• Exercise aim
In the entries below, find the line with "top assassins, hid" and the line with "Figure 13.5.1 Giant", then retype both and everything between them exactly. Do not copy the pictures.

• Dataset extract
*** Block opens ***
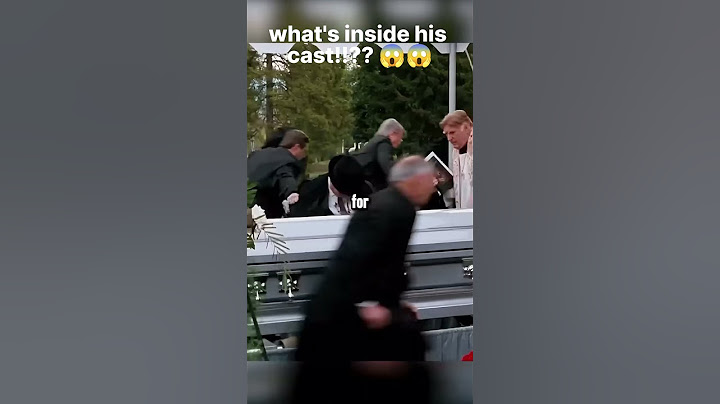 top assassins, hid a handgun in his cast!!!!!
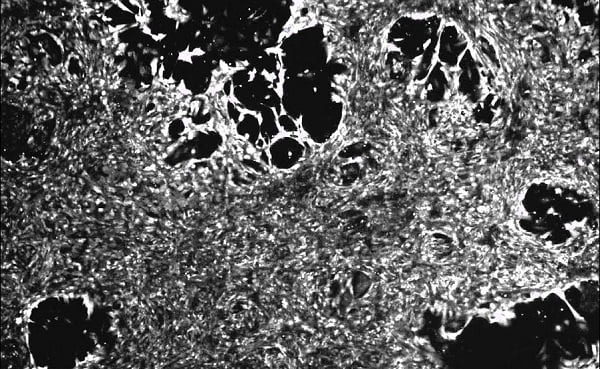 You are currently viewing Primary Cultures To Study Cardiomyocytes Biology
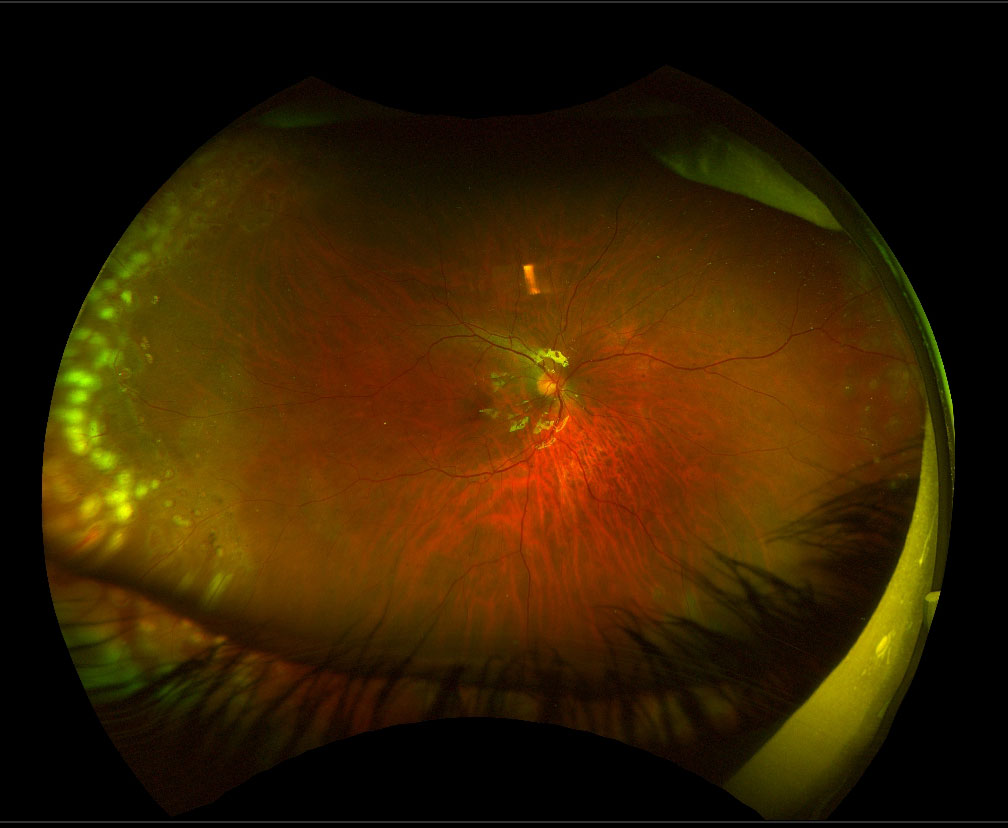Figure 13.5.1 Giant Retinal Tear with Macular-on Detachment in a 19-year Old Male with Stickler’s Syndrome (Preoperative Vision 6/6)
*** Block closes ***
*** Block opens ***
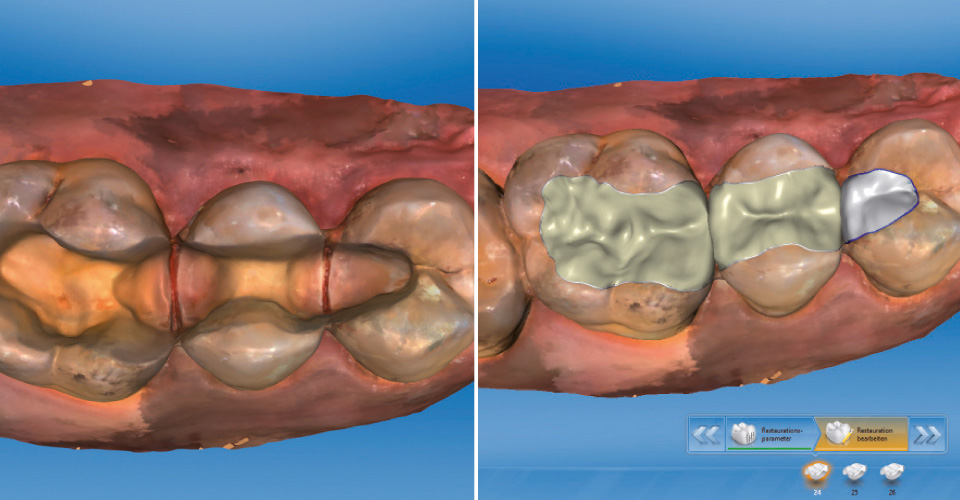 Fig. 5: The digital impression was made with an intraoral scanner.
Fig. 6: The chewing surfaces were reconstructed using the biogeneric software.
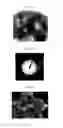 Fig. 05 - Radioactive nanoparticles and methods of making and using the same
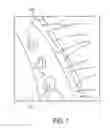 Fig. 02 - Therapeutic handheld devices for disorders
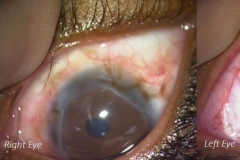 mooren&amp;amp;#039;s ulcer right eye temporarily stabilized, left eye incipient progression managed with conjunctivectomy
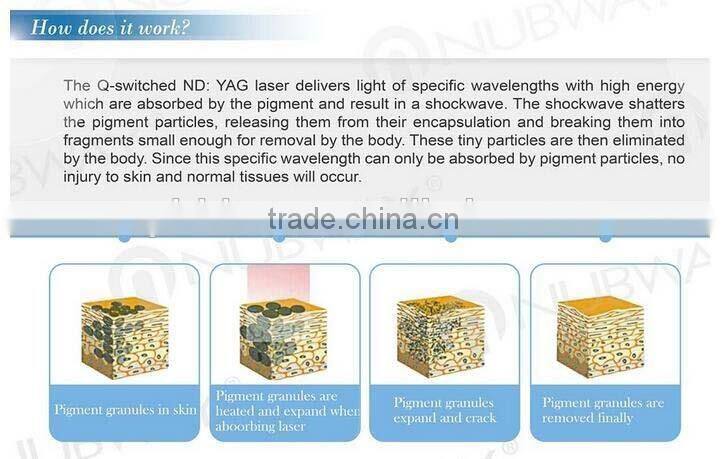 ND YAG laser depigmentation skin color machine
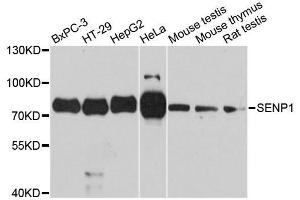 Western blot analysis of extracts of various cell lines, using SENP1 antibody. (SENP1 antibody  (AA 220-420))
*** Block closes ***
• Written reply
 top assassins, hid a handgun in his cast!!!!!
 You are currently viewing Primary Cultures To Study Cardiomyocytes Biology
Figure 13.5.1 Giant Retinal Tear with Macular-on Detachment in a 19-year Old Male with Stickler’s Syndrome (Preoperative Vision 6/6)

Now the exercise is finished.